Duncan J. D. Smith: "Nur in Budapest"
Ein Reiseführer zu sonderbaren Orten, geheimen Plätzen und versteckten Sehenswürdigkeiten
Die
verborgenen Höhepunkte der ungarischen Hauptstadt
Budapest ist eine beeindruckende Stadt voller
Sehenswürdigkeiten: Man denke nur an den Burghügel
mit dem königlichen Schloss, der Fischerbastei und der
Matthiaskirche, an das Parlament und das Ungarische Nationalmuseum, an
die auch in Budapest oft schöne blaue Donau mit der
Margareteninsel und den vielen prächtigen Brücken und
... War es das bereits?
Für den Pauschalurlauber: vielleicht.

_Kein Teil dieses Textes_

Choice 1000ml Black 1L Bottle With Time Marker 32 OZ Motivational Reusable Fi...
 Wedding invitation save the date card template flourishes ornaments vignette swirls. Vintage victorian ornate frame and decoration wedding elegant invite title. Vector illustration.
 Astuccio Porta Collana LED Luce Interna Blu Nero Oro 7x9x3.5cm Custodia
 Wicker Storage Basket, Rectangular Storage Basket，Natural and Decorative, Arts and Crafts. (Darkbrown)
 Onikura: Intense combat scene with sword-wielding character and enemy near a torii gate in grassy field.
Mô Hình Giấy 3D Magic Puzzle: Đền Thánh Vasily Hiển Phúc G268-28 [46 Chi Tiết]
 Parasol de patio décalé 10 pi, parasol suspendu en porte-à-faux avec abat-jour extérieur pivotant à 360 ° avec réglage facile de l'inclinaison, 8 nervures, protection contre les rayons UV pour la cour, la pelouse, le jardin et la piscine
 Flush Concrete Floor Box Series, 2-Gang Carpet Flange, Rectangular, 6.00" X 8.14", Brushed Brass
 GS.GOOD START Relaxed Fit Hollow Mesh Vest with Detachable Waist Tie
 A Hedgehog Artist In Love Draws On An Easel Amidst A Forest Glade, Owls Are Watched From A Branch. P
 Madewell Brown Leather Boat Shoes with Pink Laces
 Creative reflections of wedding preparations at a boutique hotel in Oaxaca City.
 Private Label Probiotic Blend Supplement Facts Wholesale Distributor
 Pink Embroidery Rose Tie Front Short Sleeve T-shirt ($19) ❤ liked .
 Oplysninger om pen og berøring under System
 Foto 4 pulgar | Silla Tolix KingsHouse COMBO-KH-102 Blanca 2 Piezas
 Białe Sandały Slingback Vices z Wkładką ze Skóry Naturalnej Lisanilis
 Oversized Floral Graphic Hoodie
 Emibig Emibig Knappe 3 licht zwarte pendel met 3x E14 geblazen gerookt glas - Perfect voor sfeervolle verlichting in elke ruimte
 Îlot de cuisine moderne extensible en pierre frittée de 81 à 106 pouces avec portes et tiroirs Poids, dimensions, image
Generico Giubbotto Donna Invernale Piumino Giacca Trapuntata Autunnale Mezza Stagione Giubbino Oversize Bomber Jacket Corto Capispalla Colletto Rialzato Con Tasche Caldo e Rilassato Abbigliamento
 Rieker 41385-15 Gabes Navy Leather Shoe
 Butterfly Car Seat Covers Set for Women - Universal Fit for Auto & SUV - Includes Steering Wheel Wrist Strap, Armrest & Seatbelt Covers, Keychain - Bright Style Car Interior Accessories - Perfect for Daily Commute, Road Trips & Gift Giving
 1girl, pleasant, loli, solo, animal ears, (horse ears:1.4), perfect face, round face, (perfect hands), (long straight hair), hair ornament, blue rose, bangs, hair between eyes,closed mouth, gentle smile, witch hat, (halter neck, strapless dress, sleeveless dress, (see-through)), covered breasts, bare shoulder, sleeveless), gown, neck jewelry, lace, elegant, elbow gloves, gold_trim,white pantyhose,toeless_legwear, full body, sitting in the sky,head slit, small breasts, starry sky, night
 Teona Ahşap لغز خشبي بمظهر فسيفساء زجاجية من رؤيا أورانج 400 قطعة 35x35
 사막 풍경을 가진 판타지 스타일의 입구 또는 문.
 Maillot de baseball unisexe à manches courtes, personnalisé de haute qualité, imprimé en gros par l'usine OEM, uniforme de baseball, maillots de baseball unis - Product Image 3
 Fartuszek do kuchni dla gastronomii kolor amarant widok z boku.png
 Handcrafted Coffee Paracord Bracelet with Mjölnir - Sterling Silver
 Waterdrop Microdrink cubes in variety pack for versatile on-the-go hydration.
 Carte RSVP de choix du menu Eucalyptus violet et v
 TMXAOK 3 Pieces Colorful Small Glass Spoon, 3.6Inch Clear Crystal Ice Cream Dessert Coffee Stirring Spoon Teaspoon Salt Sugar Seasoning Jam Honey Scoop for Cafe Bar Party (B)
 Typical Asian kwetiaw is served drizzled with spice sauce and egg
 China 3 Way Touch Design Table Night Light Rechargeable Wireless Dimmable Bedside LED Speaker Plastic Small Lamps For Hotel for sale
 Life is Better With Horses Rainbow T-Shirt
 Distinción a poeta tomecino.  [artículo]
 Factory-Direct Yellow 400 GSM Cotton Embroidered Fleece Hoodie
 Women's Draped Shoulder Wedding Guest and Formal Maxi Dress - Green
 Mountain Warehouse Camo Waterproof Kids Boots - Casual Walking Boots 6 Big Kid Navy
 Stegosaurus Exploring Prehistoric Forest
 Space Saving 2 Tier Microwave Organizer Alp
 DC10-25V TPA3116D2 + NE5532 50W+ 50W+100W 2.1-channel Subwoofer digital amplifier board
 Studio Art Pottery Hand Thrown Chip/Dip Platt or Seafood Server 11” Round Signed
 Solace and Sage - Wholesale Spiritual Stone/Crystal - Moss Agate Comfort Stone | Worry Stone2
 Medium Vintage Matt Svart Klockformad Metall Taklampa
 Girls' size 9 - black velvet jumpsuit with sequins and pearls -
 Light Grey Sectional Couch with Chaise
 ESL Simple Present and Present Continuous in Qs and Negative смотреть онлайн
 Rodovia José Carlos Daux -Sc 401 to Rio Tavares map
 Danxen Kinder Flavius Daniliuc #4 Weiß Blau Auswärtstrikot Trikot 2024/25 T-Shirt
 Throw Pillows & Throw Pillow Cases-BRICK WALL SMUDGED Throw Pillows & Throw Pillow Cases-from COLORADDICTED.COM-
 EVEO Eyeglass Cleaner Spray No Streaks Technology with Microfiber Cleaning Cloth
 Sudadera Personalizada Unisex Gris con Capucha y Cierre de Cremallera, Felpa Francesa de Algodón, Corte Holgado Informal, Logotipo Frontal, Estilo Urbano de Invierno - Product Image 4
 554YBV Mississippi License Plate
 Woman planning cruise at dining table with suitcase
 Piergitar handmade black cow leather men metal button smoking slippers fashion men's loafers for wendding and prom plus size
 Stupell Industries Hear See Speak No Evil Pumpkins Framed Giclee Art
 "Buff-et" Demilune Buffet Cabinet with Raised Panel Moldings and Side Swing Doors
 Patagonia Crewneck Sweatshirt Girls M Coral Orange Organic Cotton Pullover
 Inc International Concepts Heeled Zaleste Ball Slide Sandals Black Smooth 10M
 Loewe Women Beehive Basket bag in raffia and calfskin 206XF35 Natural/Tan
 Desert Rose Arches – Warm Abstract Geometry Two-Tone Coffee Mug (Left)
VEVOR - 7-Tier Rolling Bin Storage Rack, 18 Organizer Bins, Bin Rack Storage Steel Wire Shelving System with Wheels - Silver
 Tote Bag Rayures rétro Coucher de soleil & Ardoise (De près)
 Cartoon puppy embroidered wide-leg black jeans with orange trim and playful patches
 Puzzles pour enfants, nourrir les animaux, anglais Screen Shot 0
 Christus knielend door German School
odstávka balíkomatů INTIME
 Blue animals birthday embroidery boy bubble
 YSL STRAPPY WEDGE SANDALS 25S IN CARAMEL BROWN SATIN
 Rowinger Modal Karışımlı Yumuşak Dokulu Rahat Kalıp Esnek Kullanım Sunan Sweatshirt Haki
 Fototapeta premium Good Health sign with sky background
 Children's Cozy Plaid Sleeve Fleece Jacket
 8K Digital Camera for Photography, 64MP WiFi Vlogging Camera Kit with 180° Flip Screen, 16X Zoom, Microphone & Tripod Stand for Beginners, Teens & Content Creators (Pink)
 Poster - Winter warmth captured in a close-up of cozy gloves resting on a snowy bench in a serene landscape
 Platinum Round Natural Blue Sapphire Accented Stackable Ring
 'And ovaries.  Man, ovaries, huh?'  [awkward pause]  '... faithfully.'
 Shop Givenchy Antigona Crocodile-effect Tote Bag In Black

Er will ja
möglicherweise noch eines der Bäder besuchen, um das
Pflichtprogramm abzurunden, und natürlich ein Restaurant mit Gulasch,
Palatschinken und Zigeunermusik.
Dass Budapest noch weitaus mehr und vor allem viel
Überraschendes zu bieten hat, Raritäten und
Kuriositäten, die von den gängigen
Reiseführern ignoriert oder allenfalls flüchtig
erwähnt werden, zeigt Duncan J. D. Smith in seinem
ungewöhnlichen Führer auf.
Budapests Geschichte ist sehr bewegt und von gewaltsamen Konflikten
geprägt, daher blieb kaum wirklich alte Bausubstanz erhalten.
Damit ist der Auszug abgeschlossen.